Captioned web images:

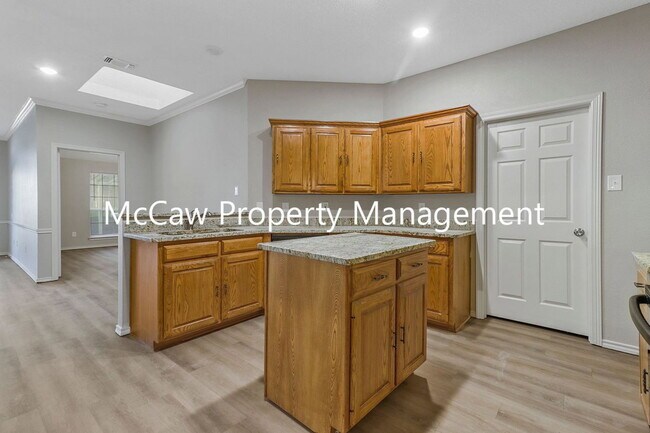 Building Photo - 1214 Mission St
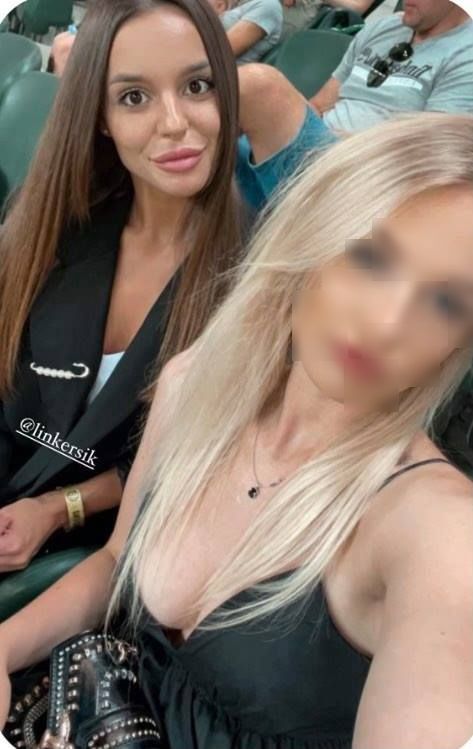 Paulina Nowicka kibicuje z trybun Jakubowi Rzeźniczakowi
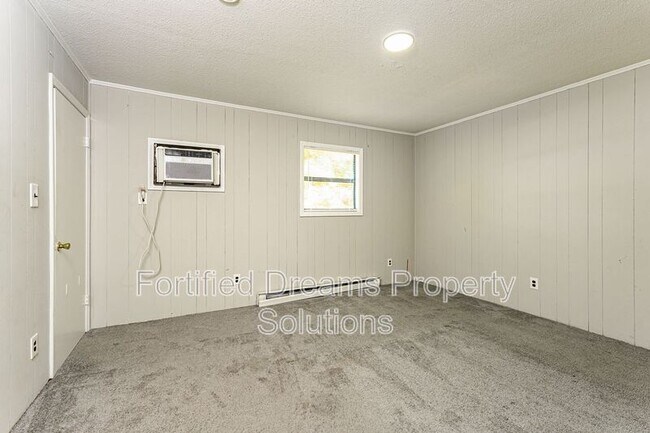 Building Photo - 3980 Bradford Ct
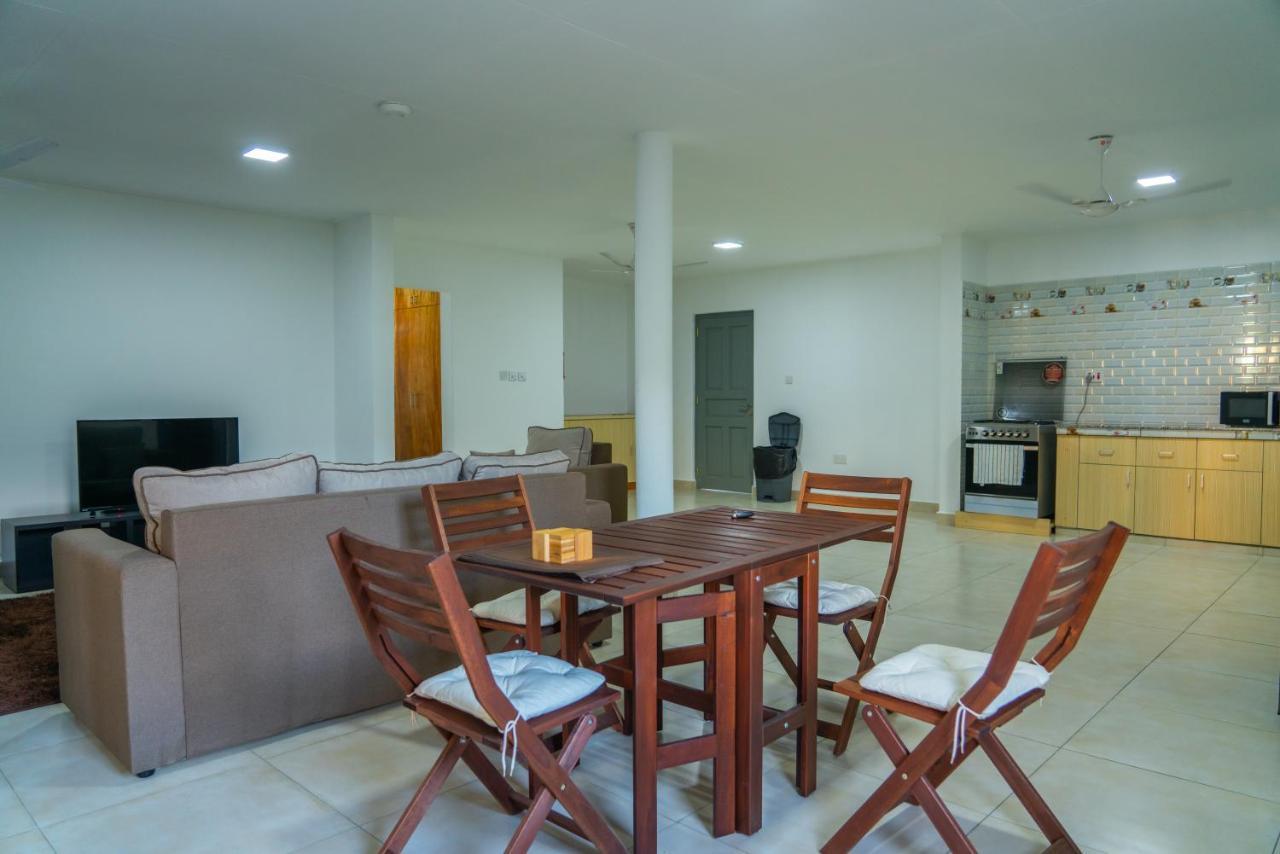 E&E Self Catering Hotel โบวาลง ภายนอก รูปภาพ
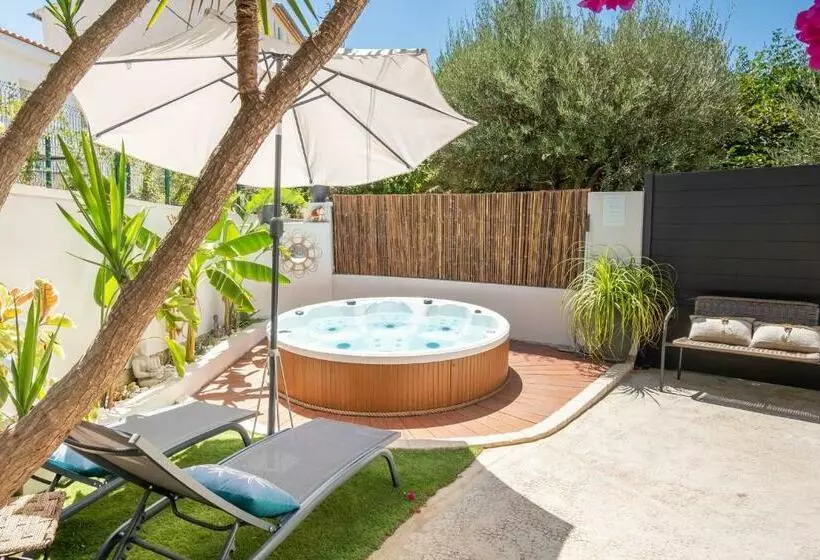 L Oursinade   Jolie Maison Avec Jacuzzi Et Jardin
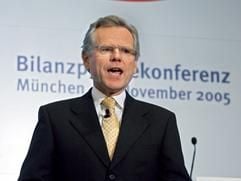 Infineon-Chef Wolfgang Ziebart gestikuliert am Freitag (18. November 2005) bei der Bilanzpressekonferenz in München. (Foto: dpa)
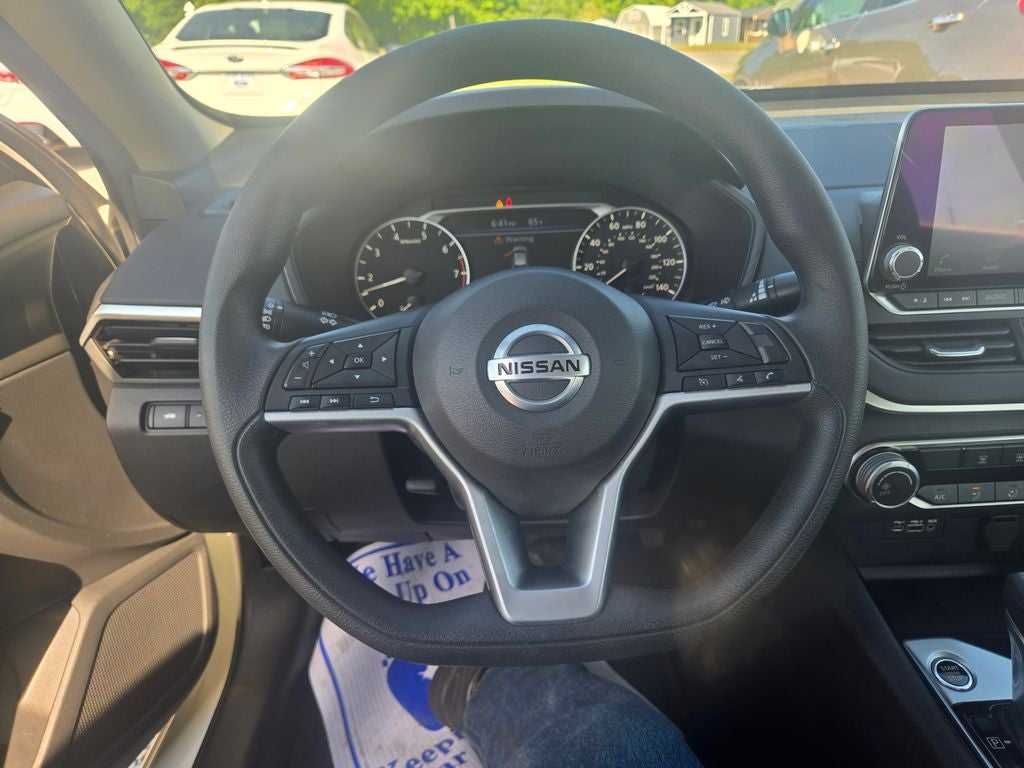 2021 Nissan Altima 2.5 SV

**EXERCISE DESCRIPTION**
Copy every line of the data exactly as written, excluding the pictures.

**RESPONSE TO THE TASK**
 Building Photo - 1214 Mission St
 Paulina Nowicka kibicuje z trybun Jakubowi Rzeźniczakowi
 Building Photo - 3980 Bradford Ct
 E&E Self Catering Hotel โบวาลง ภายนอก รูปภาพ
 L Oursinade   Jolie Maison Avec Jacuzzi Et Jardin
 Infineon-Chef Wolfgang Ziebart gestikuliert am Freitag (18. November 2005) bei der Bilanzpressekonferenz in München. (Foto: dpa)
 2021 Nissan Altima 2.5 SV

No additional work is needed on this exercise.